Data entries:
*****

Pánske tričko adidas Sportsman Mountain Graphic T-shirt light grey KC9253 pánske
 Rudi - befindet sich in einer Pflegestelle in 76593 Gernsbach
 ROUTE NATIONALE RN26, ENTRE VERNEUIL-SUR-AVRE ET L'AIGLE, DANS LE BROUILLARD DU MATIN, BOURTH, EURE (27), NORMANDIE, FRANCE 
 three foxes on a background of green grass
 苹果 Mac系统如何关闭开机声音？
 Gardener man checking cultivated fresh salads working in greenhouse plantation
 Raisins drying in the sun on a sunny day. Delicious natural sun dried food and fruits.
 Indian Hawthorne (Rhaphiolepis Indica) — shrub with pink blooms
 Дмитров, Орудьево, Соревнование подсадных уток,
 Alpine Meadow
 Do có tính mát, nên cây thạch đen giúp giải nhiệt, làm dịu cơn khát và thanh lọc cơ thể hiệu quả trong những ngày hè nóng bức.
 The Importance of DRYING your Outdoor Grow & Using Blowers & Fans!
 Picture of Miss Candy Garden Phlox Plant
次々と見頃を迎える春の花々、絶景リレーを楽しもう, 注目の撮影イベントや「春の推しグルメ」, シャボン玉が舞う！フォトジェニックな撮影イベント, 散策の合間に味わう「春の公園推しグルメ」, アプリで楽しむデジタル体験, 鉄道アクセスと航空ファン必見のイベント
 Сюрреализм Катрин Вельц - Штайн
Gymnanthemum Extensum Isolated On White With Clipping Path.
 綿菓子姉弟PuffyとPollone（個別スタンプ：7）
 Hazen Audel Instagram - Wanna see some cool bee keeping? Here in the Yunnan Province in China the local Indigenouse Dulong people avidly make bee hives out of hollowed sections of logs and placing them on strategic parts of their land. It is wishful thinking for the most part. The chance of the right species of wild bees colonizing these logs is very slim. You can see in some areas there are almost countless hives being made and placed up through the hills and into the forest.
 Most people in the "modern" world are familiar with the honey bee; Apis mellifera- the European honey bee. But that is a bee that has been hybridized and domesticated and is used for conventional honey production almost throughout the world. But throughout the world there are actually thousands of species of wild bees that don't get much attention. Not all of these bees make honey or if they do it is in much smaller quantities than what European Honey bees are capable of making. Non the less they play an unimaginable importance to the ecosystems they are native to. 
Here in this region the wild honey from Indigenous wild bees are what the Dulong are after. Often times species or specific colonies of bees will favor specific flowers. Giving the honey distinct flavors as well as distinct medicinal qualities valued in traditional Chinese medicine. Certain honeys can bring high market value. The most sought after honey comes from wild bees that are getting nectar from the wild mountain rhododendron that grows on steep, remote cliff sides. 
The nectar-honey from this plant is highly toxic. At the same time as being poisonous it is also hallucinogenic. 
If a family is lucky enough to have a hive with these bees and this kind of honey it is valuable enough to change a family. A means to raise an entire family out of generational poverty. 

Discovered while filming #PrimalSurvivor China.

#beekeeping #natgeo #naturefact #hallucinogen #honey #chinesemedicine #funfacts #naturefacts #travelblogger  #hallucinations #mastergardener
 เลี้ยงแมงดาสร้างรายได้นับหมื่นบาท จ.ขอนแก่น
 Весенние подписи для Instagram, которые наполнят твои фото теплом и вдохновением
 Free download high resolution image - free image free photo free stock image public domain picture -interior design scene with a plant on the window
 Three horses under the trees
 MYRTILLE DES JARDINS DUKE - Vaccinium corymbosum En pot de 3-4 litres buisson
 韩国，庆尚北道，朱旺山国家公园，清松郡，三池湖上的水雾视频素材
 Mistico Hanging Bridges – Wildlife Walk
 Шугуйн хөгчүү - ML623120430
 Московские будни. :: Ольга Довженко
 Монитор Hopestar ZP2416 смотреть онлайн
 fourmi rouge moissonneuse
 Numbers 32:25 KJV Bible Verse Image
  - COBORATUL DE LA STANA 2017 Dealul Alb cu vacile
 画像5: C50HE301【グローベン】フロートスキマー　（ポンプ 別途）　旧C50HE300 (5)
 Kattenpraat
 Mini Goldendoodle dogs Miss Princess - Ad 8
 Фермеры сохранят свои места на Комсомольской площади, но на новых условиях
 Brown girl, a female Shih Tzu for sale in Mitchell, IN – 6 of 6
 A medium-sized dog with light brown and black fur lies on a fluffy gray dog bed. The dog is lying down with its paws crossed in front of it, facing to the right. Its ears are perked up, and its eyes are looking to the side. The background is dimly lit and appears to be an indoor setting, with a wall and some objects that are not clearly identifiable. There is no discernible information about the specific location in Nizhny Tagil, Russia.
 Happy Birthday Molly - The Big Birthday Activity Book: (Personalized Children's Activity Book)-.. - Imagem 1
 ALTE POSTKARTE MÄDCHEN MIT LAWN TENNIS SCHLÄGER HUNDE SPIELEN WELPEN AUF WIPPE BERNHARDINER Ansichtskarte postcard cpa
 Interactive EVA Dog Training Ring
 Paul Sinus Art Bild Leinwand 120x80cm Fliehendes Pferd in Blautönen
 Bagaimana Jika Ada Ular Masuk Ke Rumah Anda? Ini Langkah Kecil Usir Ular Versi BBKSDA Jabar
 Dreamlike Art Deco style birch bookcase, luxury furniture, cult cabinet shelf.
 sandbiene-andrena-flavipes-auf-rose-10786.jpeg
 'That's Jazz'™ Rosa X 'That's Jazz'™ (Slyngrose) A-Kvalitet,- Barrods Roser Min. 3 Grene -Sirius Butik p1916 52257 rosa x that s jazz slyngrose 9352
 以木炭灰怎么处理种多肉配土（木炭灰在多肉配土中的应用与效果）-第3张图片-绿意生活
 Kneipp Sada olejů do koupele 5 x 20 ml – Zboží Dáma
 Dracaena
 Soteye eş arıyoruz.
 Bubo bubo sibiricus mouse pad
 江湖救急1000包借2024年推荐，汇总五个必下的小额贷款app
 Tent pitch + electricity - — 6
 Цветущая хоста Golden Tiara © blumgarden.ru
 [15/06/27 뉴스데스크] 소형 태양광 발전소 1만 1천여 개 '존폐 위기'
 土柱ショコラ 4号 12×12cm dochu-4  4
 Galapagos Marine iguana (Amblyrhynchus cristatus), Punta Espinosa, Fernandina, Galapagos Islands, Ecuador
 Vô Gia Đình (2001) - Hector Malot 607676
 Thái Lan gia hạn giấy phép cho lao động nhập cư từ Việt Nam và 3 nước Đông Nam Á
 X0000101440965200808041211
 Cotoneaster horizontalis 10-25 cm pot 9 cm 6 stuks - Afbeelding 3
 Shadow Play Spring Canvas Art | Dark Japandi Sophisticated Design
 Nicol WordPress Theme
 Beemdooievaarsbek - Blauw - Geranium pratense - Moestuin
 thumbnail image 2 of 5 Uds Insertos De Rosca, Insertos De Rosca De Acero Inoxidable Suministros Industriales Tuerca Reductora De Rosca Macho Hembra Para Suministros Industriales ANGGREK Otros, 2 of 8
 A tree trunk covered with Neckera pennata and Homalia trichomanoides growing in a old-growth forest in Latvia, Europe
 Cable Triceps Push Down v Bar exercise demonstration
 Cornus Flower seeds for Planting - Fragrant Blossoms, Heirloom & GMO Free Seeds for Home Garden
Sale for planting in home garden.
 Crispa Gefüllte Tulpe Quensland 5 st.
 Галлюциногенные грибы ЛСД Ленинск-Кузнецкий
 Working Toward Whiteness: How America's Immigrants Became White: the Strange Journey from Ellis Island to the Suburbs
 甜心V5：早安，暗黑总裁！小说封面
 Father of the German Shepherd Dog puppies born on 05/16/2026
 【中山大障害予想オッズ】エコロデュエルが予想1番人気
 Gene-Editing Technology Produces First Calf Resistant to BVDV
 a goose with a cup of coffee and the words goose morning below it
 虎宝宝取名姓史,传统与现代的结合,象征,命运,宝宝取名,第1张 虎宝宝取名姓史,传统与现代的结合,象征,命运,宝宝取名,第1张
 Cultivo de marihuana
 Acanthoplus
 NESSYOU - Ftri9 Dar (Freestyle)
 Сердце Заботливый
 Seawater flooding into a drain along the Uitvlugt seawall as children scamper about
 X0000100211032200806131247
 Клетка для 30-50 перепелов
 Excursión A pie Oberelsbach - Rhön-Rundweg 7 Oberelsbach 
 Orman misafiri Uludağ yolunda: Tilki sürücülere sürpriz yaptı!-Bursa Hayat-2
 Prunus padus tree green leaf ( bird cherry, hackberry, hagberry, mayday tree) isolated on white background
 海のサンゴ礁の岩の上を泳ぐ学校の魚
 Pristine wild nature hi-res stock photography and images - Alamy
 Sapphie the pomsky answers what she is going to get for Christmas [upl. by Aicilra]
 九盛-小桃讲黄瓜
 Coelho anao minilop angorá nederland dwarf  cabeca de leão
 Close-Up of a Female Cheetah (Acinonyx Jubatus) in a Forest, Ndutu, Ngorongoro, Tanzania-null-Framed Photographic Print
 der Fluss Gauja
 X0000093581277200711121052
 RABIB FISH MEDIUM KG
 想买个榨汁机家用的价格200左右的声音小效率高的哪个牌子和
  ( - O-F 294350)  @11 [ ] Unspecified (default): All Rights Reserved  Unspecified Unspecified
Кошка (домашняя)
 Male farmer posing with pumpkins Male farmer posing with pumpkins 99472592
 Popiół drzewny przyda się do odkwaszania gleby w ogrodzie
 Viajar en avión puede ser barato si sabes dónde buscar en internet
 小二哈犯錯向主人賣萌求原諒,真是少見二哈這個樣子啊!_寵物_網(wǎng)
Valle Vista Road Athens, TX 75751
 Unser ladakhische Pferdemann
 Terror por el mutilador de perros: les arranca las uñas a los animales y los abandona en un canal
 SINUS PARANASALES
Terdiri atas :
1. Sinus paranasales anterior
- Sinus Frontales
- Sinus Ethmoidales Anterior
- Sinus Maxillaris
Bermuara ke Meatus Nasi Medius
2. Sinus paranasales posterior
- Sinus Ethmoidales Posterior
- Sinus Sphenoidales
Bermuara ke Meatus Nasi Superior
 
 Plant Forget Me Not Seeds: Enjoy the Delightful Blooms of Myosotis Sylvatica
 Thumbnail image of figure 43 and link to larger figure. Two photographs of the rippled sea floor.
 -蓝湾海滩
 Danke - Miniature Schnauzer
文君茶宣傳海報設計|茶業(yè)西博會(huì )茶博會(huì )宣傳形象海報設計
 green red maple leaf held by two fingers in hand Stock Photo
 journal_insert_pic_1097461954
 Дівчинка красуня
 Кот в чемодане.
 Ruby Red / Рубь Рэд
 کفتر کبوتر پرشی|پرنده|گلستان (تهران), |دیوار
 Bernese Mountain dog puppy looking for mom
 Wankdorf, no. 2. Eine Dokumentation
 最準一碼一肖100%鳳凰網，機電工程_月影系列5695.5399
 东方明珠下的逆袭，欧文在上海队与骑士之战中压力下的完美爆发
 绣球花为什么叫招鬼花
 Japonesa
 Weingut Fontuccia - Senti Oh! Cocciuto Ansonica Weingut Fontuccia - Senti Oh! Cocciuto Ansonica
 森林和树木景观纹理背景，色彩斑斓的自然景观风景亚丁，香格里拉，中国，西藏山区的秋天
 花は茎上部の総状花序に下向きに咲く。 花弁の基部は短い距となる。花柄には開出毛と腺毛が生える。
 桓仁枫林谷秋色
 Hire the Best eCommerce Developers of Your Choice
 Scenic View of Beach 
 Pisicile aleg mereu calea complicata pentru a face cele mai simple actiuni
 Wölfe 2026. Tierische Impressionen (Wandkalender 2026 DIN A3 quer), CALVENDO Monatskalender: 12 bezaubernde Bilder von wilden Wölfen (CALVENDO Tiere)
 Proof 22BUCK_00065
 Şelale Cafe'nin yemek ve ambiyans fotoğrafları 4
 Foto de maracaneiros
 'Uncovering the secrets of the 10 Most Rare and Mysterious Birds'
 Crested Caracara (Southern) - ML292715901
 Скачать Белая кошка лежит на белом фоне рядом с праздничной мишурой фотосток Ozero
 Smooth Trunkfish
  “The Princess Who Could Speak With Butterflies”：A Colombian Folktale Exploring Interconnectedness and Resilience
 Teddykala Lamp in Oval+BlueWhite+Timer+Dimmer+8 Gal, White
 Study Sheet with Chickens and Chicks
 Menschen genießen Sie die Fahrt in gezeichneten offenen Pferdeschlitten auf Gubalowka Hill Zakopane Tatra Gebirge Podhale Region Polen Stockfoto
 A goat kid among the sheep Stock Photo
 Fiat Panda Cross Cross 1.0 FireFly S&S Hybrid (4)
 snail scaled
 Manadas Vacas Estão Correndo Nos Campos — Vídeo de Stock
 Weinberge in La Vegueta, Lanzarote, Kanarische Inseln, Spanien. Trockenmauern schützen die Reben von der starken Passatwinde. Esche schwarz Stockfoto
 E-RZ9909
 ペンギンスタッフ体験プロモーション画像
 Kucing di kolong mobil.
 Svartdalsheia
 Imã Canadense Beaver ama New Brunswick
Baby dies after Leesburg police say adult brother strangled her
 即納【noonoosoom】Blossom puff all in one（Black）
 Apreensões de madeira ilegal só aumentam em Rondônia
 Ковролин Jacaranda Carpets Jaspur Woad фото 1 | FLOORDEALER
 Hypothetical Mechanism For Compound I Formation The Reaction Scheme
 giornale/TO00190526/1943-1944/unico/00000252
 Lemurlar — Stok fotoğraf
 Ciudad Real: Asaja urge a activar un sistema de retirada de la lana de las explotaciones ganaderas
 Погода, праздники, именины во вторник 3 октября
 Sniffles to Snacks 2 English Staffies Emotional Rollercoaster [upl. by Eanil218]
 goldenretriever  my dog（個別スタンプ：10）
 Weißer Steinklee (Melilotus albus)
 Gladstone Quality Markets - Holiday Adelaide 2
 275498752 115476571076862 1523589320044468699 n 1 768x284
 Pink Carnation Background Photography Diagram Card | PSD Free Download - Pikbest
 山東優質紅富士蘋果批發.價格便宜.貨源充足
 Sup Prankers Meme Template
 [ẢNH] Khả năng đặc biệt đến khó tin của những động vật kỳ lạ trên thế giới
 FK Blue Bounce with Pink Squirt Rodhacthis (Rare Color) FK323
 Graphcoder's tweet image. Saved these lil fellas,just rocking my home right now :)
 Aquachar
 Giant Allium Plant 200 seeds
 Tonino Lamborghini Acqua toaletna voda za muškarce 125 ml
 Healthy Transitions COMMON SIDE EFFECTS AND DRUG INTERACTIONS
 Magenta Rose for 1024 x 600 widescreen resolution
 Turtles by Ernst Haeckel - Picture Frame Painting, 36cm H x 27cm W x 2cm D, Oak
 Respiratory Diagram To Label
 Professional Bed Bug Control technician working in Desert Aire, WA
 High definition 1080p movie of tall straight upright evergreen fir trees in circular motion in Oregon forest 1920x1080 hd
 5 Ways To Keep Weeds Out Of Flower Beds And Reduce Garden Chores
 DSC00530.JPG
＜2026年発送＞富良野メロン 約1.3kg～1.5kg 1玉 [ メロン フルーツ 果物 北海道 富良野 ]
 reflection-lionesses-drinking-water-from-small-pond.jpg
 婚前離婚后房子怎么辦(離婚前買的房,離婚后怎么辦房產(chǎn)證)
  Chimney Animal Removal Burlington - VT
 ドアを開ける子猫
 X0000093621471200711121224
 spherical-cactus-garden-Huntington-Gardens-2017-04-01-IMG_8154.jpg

*****

§ Exercise aim: Copy out the line holding "Professional Bed Bug" along with all lines after it through the end of the entries, exactly and only these.

§ Solution below:
 Professional Bed Bug Control technician working in Desert Aire, WA
 High definition 1080p movie of tall straight upright evergreen fir trees in circular motion in Oregon forest 1920x1080 hd
 5 Ways To Keep Weeds Out Of Flower Beds And Reduce Garden Chores
 DSC00530.JPG
＜2026年発送＞富良野メロン 約1.3kg～1.5kg 1玉 [ メロン フルーツ 果物 北海道 富良野 ]
 reflection-lionesses-drinking-water-from-small-pond.jpg
 婚前離婚后房子怎么辦(離婚前買的房,離婚后怎么辦房產(chǎn)證)
  Chimney Animal Removal Burlington - VT
 ドアを開ける子猫
 X0000093621471200711121224
 spherical-cactus-garden-Huntington-Gardens-2017-04-01-IMG_8154.jpg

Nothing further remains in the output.